Sartre wrote in a time when most contact was face-to-face; when conversations flourished in cafes and homes - before the television set invaded the home and effectively lobotomised the population. He was unaware of the psychological studies that showed how suggestible people can be, how individuals fall into collective beliefs or how our environments condition our actions and thinking. Marketing people know we can be manipulated - that's why they spend millions on attracting our money: and they particularly use the media and particularly the moving media of tv and online adverts because its effectiveness in getting a message across is that much stronger.

We become inauthentic when we lose the ability to control our lives, our thoughts, our critical capacities. And so losing we become slaves. Sartre demanded that we challenge our excuses - the excuses that we make when we blame others for our situation. He was assuming that people are fully capable of shrugging off mental lethargy and rising to his philosophical challenge.

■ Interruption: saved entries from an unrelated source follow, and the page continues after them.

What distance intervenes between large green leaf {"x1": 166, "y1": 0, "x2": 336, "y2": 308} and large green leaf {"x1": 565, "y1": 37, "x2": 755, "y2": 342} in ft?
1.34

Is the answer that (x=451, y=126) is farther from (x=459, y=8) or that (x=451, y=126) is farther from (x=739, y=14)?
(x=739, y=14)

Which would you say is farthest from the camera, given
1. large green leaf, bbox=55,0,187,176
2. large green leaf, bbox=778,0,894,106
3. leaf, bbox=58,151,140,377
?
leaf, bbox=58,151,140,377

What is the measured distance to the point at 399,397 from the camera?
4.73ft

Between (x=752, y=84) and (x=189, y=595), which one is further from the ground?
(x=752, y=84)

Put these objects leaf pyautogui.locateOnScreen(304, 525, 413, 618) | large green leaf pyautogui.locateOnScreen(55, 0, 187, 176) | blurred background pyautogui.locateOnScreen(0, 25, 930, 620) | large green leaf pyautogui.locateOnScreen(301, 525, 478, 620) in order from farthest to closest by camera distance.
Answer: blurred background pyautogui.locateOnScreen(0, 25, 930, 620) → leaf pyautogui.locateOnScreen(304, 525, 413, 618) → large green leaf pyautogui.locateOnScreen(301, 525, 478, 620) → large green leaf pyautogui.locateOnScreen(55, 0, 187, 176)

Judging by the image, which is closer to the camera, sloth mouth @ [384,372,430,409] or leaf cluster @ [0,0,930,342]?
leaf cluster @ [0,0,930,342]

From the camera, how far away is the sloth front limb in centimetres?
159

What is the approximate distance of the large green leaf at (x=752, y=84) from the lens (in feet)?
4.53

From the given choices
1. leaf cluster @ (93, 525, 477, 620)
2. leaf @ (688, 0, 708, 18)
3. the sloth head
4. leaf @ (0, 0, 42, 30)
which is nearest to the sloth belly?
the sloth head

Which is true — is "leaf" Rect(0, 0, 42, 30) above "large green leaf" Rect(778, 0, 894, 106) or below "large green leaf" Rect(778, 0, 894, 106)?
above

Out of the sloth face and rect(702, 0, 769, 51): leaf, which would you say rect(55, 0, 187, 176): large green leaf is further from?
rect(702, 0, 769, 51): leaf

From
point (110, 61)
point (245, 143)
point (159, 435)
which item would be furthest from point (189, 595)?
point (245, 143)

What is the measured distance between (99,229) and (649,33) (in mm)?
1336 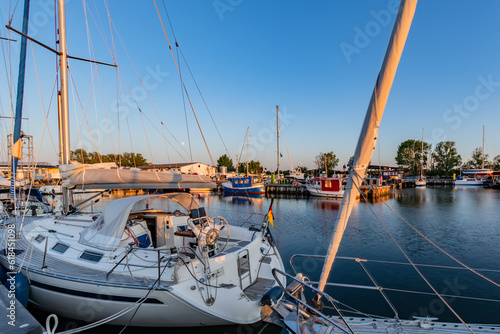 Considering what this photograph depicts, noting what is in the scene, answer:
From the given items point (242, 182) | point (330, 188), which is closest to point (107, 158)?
point (242, 182)

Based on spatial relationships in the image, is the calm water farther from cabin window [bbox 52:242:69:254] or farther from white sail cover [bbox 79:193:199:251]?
cabin window [bbox 52:242:69:254]

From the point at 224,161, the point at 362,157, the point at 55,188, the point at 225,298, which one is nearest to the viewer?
the point at 362,157

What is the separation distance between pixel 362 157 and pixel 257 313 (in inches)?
140

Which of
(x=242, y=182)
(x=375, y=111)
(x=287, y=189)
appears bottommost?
(x=287, y=189)

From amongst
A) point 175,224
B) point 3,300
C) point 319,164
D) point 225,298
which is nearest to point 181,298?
point 225,298

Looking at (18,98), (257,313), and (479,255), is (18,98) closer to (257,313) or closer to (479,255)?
(257,313)

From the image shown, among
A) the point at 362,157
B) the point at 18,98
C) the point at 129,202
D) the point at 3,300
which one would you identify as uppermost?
the point at 18,98

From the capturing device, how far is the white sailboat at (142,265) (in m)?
4.49

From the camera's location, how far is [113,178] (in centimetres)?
721

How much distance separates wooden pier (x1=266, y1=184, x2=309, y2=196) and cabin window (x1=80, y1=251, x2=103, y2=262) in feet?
124

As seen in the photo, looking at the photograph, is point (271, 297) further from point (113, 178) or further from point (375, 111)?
point (113, 178)

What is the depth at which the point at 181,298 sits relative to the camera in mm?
4273

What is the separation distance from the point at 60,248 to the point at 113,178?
2060 mm

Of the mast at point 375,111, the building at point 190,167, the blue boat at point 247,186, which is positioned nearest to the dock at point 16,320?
the mast at point 375,111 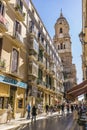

What we have done in life cannot be changed (our facticity, Sartre calls it) and we are subject to prior decisions that may haunt or follow us still. Such events and prior actions we cannot change. But we are certainly free in the sense of choosing our next action, our next course or plan. We can choose to atone for our past mistakes and sins, we can choose to face courageously the professional or filial errors we have made, we can choose to alter our diet or place of abode. We can choose to smile.

As a philosopher, I agree with him: we can think differently about our lives and we can either make excuses or change. Nonetheless, I am interested in the extent to which people fall into a lethargy that conditions them not to raise their consciousness ... and I'm particularly concerned about the effects that are constantly conditioning people not to raise their consciousness but to remain on a dull level of awareness. Increasingly, evidence is forthcoming that television viewing and computer gaming reduce our ability to think. I see it in my practice and have been speaking to parents about it for years.  Seneca spoke of the ill-effects he felt attending the amphitheatre 'games' two millennia ago. (Letters)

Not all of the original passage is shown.